# Best Hugh Jackman Movie?



## tisha_b (Apr 15, 2009)

Which is your best Hugh Jackman movie?


----------



## the_faery_queen (Apr 15, 2009)

i like him in the prestige. it's the first time i realised how damn pretty he is  and he looks damn fine in victoriana


----------



## Culhwch (Apr 15, 2009)

_Paperback Hero_.


----------



## biodroid (Apr 16, 2009)

X-Men movies


----------



## tangaloomababe (Apr 16, 2009)

I don't care, anything, everything.  Ok seriously though he makes a pretty hunky Wolverine, looks good in a period movie to though, oh god he looks good in everything!!!


----------



## biodroid (Apr 16, 2009)

Tangalooma's  got a crush  Hehe, I agree the guy knows his stuff and looks good while doing it ie, he suits Wolverine to the tee.


----------



## tangaloomababe (Apr 16, 2009)

oh and he can sing! and dance!and did I mention he looks good in a tuxedo!


----------



## The Procrastinator (Apr 16, 2009)

WHY was he never cast as Mr Darcy??? Thats what I want to know.


----------



## Memnoch (Apr 16, 2009)

Swordfish - well just for Halle Berry at her best (or should that be bust!!?) it's one of the best movie he's been in, that I've seen although I've heard reasonable reports about Australia. (the film) he was made to be Wolverine

I think he's a great actor, a real all rounder, can play a wide age range to, which makes some of his films interesting.


----------



## Shadow Trooper (Apr 16, 2009)

Agree with Memnoch in regard to his ability to portray several differing characters. Also have to admit he looked good in a tux at a red carpet showing of Australia.

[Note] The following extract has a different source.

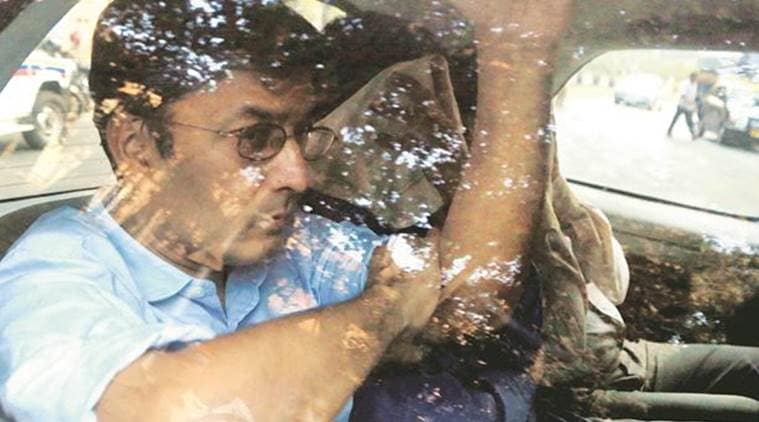 Vipul Ambani, president (finance) of Modi's firm Fire Star Diamond, was arrested by the Central Bureau of Investigation (CBI) in February this year. (Janak Rathod)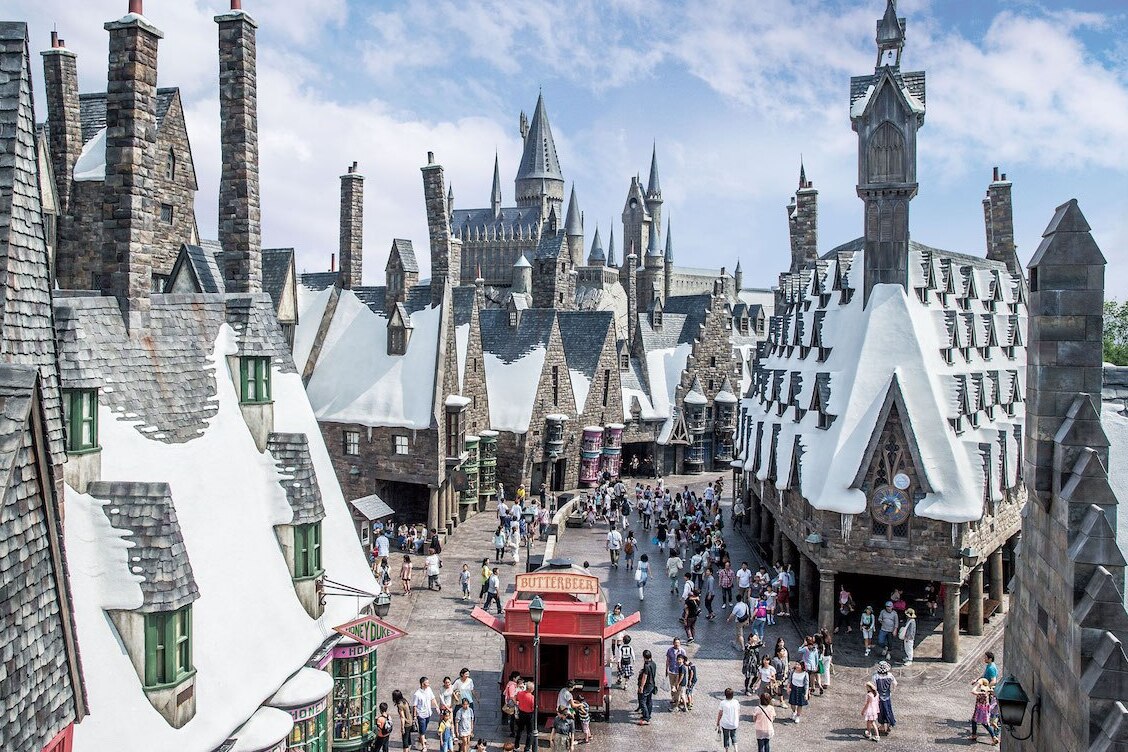 Osaka's Universal Studios theme park - ?saka-shi | Secret World Trip Planner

Biggest thing going for him (calm down ladies!), he seemed a really genuine bloke during the red carpet interview, who hadn't let fame go straight to his ego!


----------



## dustinzgirl (Apr 16, 2009)

Wolverine is way sexier than Hugh Jackman. 

But Hugh is OK too. And, I've only seen him in Xmen. LOL.


----------



## Cayal (Apr 17, 2009)

biodroid said:


> Tangalooma's  got a crush  Hehe, I agree the guy knows his stuff and looks good while doing it ie, he suits Wolverine to the tee.


Heck I'd turn gay for Hugh Jackman.


----------



## Grimward (Apr 17, 2009)

Wouldn't be going that far, myself, but I think he's a pretty decent actor, too.  I'm not sure why, but I really liked him in _*Van Helsing*_.  Now, don't throw things at me; I can't explain it!

*ducks*


----------



## biodroid (Apr 17, 2009)

Cayal said:


> Heck I'd turn gay for Hugh Jackman.


 
LOL  Thats one of the best statements I have heard in a long time. I also wouldn't go that far but I think he should be one of Hollywoods top 5 money makers.


----------



## tangaloomababe (Apr 17, 2009)

OMG Hugh as Darcy!!! The mind boggles!


----------



## Allegra (Apr 17, 2009)

Nah, he's too good and too cool for Darcy. I never liked Darcy very much anyway. 

My favourite of his films is also *The* *Prestige*, followed by *Deception* in which he played a devious villain, excellent acting (Ewan McGregor, another talented actor in it is casted as Camerlengo in the coming-soon *Angels & Demons*, yes!).


----------



## Lady of Winterfell (Apr 17, 2009)

I have to say I'm with the rest of the ladies on this one, I do quite enjoy Hugh Jackman.  My favorite movie of his would have to be *The Prestige*, although I do think he is a great Wolverine.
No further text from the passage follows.